Magistrados do Ministério Público admitem greve

Sindicato convocou reunião de emergência para debater atuação face à perspectiva de alterar a composição do Conselho Superior do Ministério Público com mais elementos externos à magistratura. Alerta que está em causa a autonomia do Ministério Público e as condições de continuação do combate à corrupção que tem atingido algumas figuras políticas nos últimos anos.

Cristina Bernardo

O Sindicato dos Magistrados do Ministério Público (SMMP) convocou para a próxima quinta-feira, 13 de Dezembro, uma reunião de emergência da sua Direcção Nacional para debater as atuações face às perspectivas de alteração da composição do Conselho Superior do Ministério Público. Em causa está a perspectiva de uma maioria de representantes dos órgãos políticos em detrimento dos representantes do Ministério Público.
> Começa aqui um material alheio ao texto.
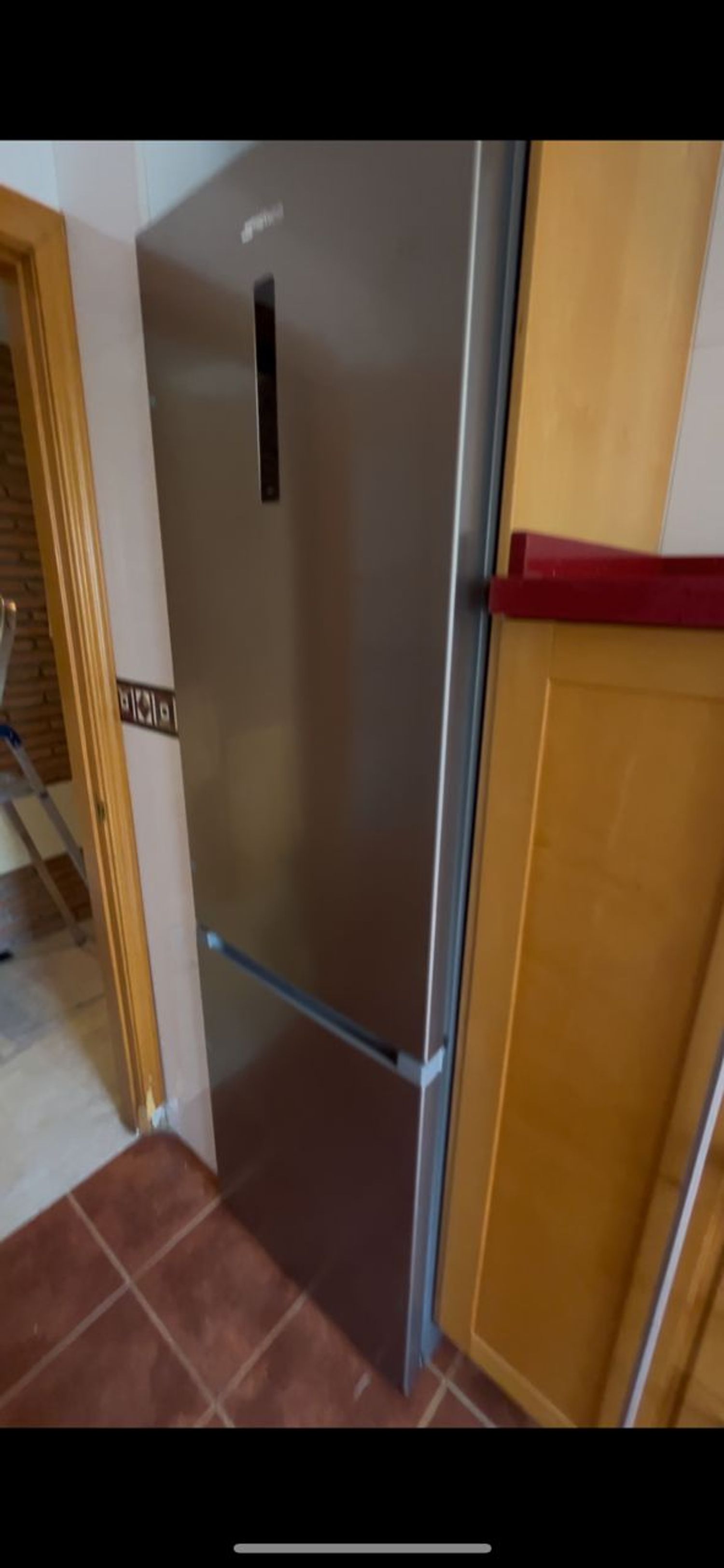 Piso en avenida de Carlos Haya, 89 - Foto 5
Magistrados do MP admitem o recurso à greve.

“O SMMP convocou para a próxima quinta-feira, 13 de Dezembro, na sua sede (Rua Tomás Ribeiro 89, 3º – Lisboa) uma reunião de emergência da sua Direcção Nacional para debate das atuações a serem adoptadas face às perspectivas de alteração da composição do Conselho Superior do Ministério Público conducente a uma maioria de representantes dos órgãos políticos em detrimento dos representantes do Ministério Público”, avança, em comunicado, o sindicato liderado por António Ventinhas.

Segundo o SMMP, na ordem de trabalhos da reunião da Direção Nacional está o recurso à greve.

“O recurso à greve é uma das hipóteses da ordem de trabalhos”, sinaliza o comunicado, recordando que o novo Estatuto do Ministério Público foi aprovado na generalidade sexta-feira passada na Assembleia da República, entrando-se agora na fase da discussão na especialidade.

“De acordo com declarações de deputados, nomeadamente do PS e do PSD, há intenções de se alterar a composição do Conselho Superiomagistrador do Ministério Público no sentido da sua governamentalização”, alerta o SMMP, realçando que a proposta que não é acompanhada pelo própria Ministra da Justiça, Francisca Van Dunen.

De acordo com o presidente do SMMP, António Ventinhas, está em causa a autonomia do Ministério Público e as condições de continuação do combate à corrupção que tem atingido algumas figuras políticas nos últimos anos.

Na semana passada, no debate parlamentar, realizado a 5 de dezembro, sobre o novo Estatuto dos Magistrados do Ministério Público, no qual participou a ministra da Justiça, o deputado do PSD Carlos Peixoto defendeu que o diploma necessita de afinações e que “tem algumas questões que resolve satisfatoriamente e outras que não resolve de todo”.

O PSD defende a necessidade de alteração de composição do CSMP, como órgão de controlo, tornando-o “mais paritário”, já que actualmente é formado por 12 magistrados e sete elementos externos à magistratura.

Carlos Peixoto sinalizou o exemplo do Conselho Superior da Magistratura (CSM) – órgão de gestão e disciplina dos juízes – formado por oito magistrados judiciais e nove elementos escolhidos pelo poder político.